江戸時代に名古屋から犬山に行く道は、「稲置街道」と呼ばれ、清水から現在の「黒川橋」を突き抜け、安井から、味鋺の渡しを経て、春日井−小牧−楽田へ至り、ここで稲置(犬山)へ行く道と善師野を経て今渡から中山道に合流する道に分かれる(これが上街道で尾張藩の公用道路であり、宿駅や一里塚なども整備されていた。木曾街道ともよばれる)。

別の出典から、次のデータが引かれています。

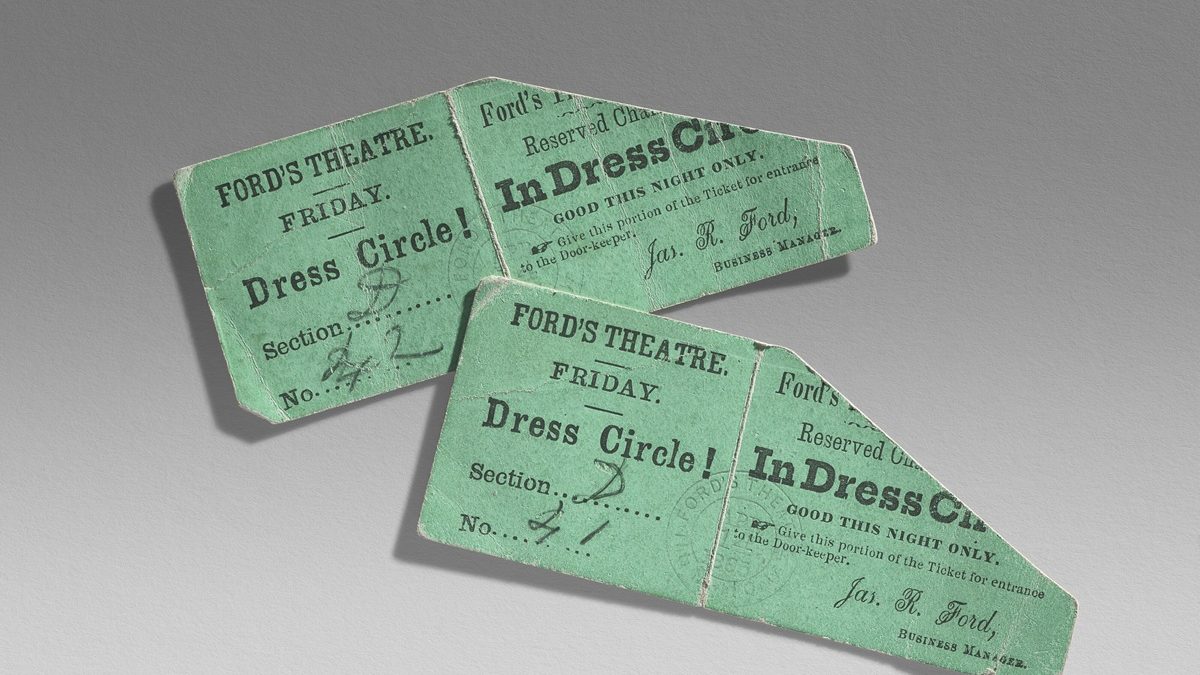 Ford's Theatre tickets for the Dress Circle section from the night of Lincoln's assassination.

明治10年(1877)の黒川が開削された時に、併せて黒川の川岸が道路として整備され、翌11年(1878)には水分橋もかけられた。この新しい道が「犬山街道」と名づけられ、「稲置街道」のバイパスとして利用され始めた。日露戦争(1904〜5)の頃から小牧〜清水口の乗合馬車が運行されるようになり、黒川の岸を馬車がトコトコと走ったのである。大正7年(1918)には乗合自動車が小牧〜大曽根を、昭和6年(1931)には今の名鉄小牧線が開通して、気動車(ガソリンカー)が犬山〜上飯田を結ぶようになった。ちなみに電化されるのは、昭和17年(1942)である。

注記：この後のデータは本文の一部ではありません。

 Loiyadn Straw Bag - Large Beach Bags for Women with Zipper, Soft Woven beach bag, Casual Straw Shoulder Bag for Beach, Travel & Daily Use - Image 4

一方都心に近い北区内では、大正元年(1912)から都市化に向けて区画整理が始まった。同時に、昭和の初期になると、黒川西岸地域では耕地整理組合や区画整理組合が設立され、将来の発展のために道路や公園などの整備が進められた。このなかで「辻本通り」の建設が行われ、敗戦までに工事は相当程度進捗していたが完成までにはいたっていない。そして、戦後になって「防衛道路」として開通するのである。

「稲置街道」と「犬山街道」 明治期の地図。

赤線部分が辻本通未整備部分。これが戦後、防衛道路となる。辻村の区画整理がずいぶん進んでいるのがわかる。
黄線部分は川上絹布工場
昭和5年の『最新名古屋市街全図』

名鉄小牧線に使用された気動車(ガソリンカー)。
偶然であるが「川上絹布工場」の場所が、はっきりと記されている地図に出会った。
「川上絹布株式会社」は、川上貞奴が大正7年(1918)に作っている。
社内では15、6歳から20歳まで、40〜50人の女工が働いていた。作業は45分続き、15分休むというスタイル。女工たちはみな、紺のセーラー服に靴を履き、女学生のような格好で働いていた。昼休みの運動にはテニスをし、工場の中にはプールまであったという。また、全員が寮で生活をし、夜にはお茶、お花、和裁などの習い事、休日には演芸会などのレクリェーションを開いていたという。厳しい労働と安い給料で酷使されていた当時の女工の待遇から考えると、夢のような生活を送ることのできる、まったく新しい会社であった。「川上絹布工場」で作られた絹製品は最高級の品質で、フランスなど海外へ輸出されている。「文化のみち二葉館」に、「川上絹布」で作られた座布団や布団が保存されているので現物を見ていただくと良い。場所的には新堀橋の東側になるかと思う。愛知調理専門学校のあるところでしょうか。花散里さんもそう指摘されていましたね。